Introduction and Epidemiology
Bilateral cervical facet dislocation represents a severe, high-energy injury to the cervical spine, characterized by complete disruption of the posterior ligamentous complex and often associated with significant anterior subluxation of the superior vertebral body on the inferior. These injuries typically result from a combination of hyperflexion and distraction forces, commonly seen in motor vehicle collisions, falls from height, or diving accidents. Due to the profound ligamentous instability, bilateral cervical facet dislocation inherently carries a high risk of spinal cord injury, with reported neurological deficit rates ranging from 40% to 70% at presentation. The extent of neurological compromise can range from transient radiculopathy to complete tetraplegia, underscoring the urgency and criticality of expert management.
Epidemiologically, cervical spine trauma constitutes a significant portion of all spinal injuries, with facet dislocations accounting for approximately 10% to 20% of these cases.

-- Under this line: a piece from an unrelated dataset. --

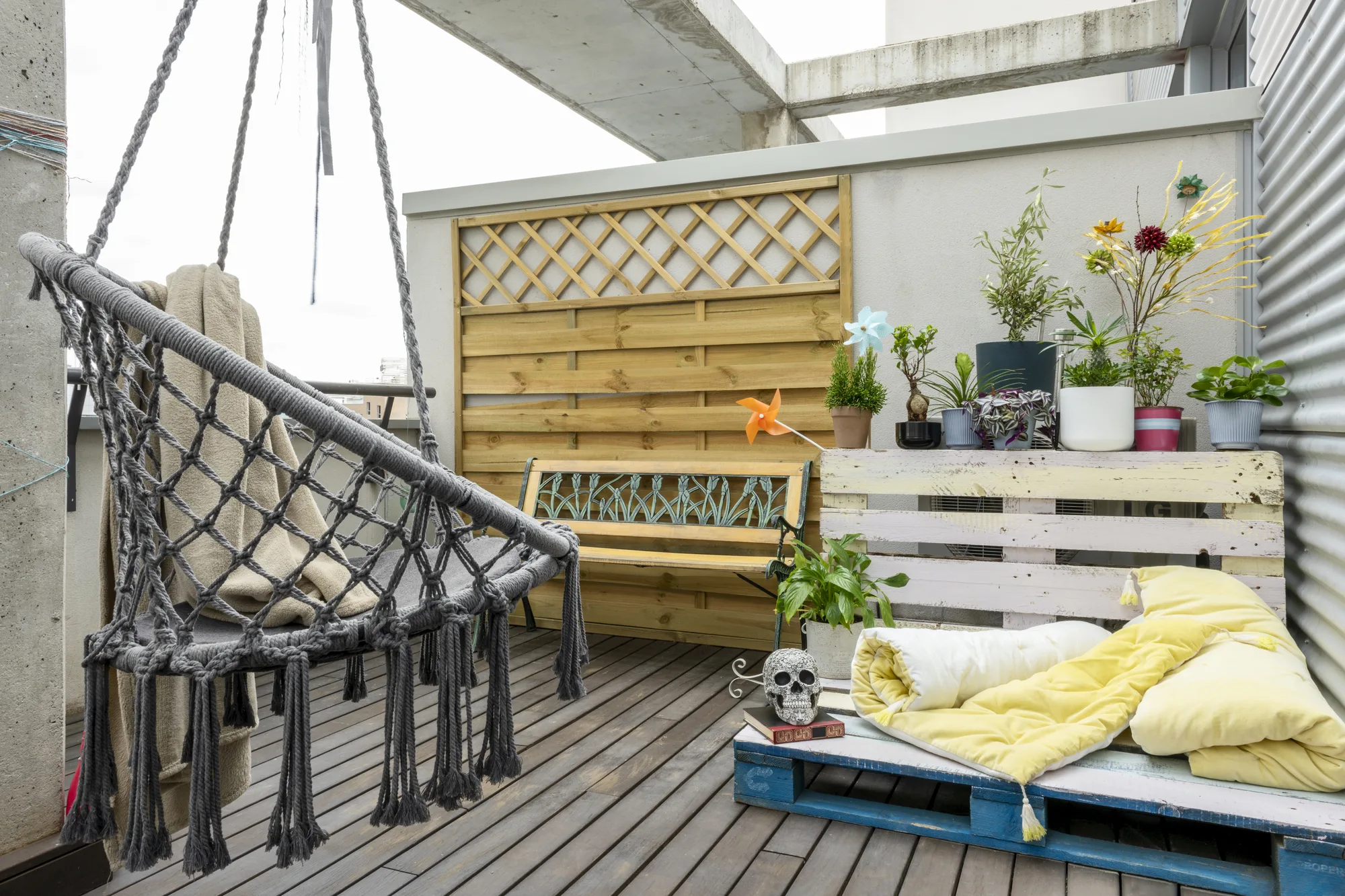 Arredare con pallet: qualche consiglio per rendere unico il tuo balcone! - Le Shopping News Il Magazine per gli Appassionati di Moda e Tendenze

While unilateral facet dislocations are more common and typically result from flexion-rotation mechanisms, bilateral dislocations are indicative of greater force vectors across the sagittal plane and thus produce more severe three-column instability. The C5-C6 and C6-C7 levels are most frequently involved due to their greater mobility, acting as transitional zones between the highly mobile upper cervical spine and the relatively rigid thoracic spine.

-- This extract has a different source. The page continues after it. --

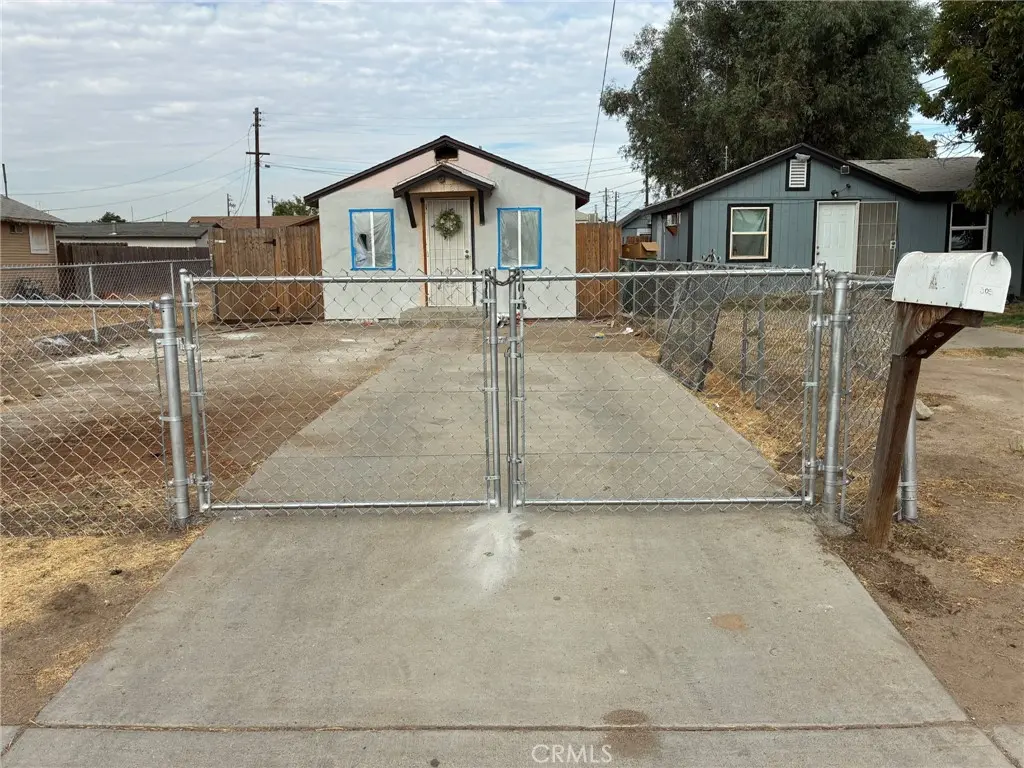 305 WISTERIA, Bakersfield, CA — listing photo 1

Patient demographics typically follow a bimodal distribution. The first peak occurs in young adult males (ages 15 to 35) subjected to high-velocity blunt trauma. The second peak is observed in the elderly population (over 65 years of age), where lower-energy mechanisms such as ground-level falls can induce catastrophic failure of the cervical column due to pre-existing spondylosis, ankylosing spondylitis, or diffuse idiopathic skeletal hyperostosis. Prompt diagnosis, meticulous neurological assessment utilizing the American Spinal Injury Association Impairment Scale, and timely, appropriate surgical intervention are paramount to optimize patient outcomes, decompress neural elements, and prevent further neurological deterioration secondary to secondary injury cascades.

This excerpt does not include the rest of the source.